Eurasianet worked with Asqat Yerkimbay at Suleyman Demirel University in Almaty to produce five features by his third-year journalism students. The original version of this story can be seen here.
Altynai now refuses to climb into a taxi alone. She used to take them all the time in Almaty, Kazakhstan’s largest city. But after one terrifying experience with a driver, she is afraid. “I thought I was done for,” she explained.
Like many Kazakhs, Altynai, a student, would simply hail a car when she needed to go somewhere. It’s standard in Almaty: If a driver has free time and wants to make a few hundred tenge, he – it is almost always he – will moonlight as a cab driver.
This time, the driver locked the doors when Altynai got into his car. He demanded her phone number. She wanted to call for help, but her phone battery was dead and there was no one around. Eventually, the driver let her go.
Amina, a 20-something in the capital, had a similar encounter.
She had just had a memorable evening. Sporting a new red dress that her friends had all complemented, they celebrated graduation together in Nur-Sultan.
The friends ordered a taxi through an app. When they got into the backseat, the taxi driver stared at the girls. "We were uncomfortable. At some point he asked me, ‘Girl, are you wearing a bra?’ I was in shock and didn't know what to answer." At her perplexity, he replied: “Don't be shy.” After a few more intrusive questions, Amina demanded the driver stop the car and let them out. Amina no longer uses the app.
Such situations are common. In Kazakhstan, almost every woman has heard inappropriate comments, obscene jokes and offers, frightening hints, or even faced violence.
Nuray’s ride began with a low-key conversation about studying. The driver held out his hand as a sign of acquaintance, and Nuray automatically shook it. A few minutes later, he asked to hold her hand.
“He said, ‘You have such soft hands, can I touch your hand again?’ I pulled away and buried my face in my phone, ignoring his words,” she said. He started asking personal questions and making awkward comments.
“When Nuray ignored him, he stopped the car and told her to get out. “I was glad that he dropped me off, because I was afraid that he might take me somewhere,” Nuray said.
To contextualize these experiences, we designed a small online survey. The results are anecdotal, but they confirm that Altynai, Amina and Nuray are not alone. Of the 100 young Kazakh women who responded, 95 percent said they use taxis more than once per month and 90 percent said they sit in the backseat. Almost 40 percent said taxi drivers had asked them “inappropriate” questions. Out of caution, 77 said they text the taxi number plate to a friend when they climb into a car.
According to the Administrative Code of the Republic of Kazakhstan, what these women suffered would qualify as "petty hooliganism." The same article (number 434) covers vandalism and obscene language. Violations carry a fine of up 15,000 tenge ($35) or 10 days in prison.

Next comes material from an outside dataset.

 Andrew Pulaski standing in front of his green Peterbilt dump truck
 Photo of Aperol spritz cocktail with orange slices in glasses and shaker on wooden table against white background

The Criminal Code only applies if the driver has made a frank declaration that he wants to engage in sexual intercourse.
Women frequently complain that police ignore these cases. These law-enforcement officers argue – incorrectly – that there is no specific article for sexual harassment. Thus, the lecherous taxi driver is effectively immune; he can continue to harass women with little fear of punishment.
Taking back control
An Almaty-based online store, Aksafety, sells self-defense tools like pepper spray, pocket alarms, window and glass breakers, and much more.
Aksafety is the project of two 20-year-old women from Almaty, Kundyz Kabykenova and Aiken Kanieva.
Kabykenova recommends whistles and pocket sirens that can be used to distract the aggressor's attention. She says the most important thing is that the woman think about where to run after making her distraction.
“We opened this store so that our Kazakhstani women would be protected. We want to be part of the defense against harassment. If the law does not exist, then we will try to counter this problem on our own,” Kabykenova said.
Another startup proposes to hire a cadre of female taxi drivers. Founder Nigmatulla Aibar, who currently works at a state bank, is searching for investors to start an app, which he calls Safe, that will connect women with vetted female taxi drivers.
“Many girls want to work like a driver for a taxi service, but fear for their safety,” Aibar said. “I think we can help solve this problem.”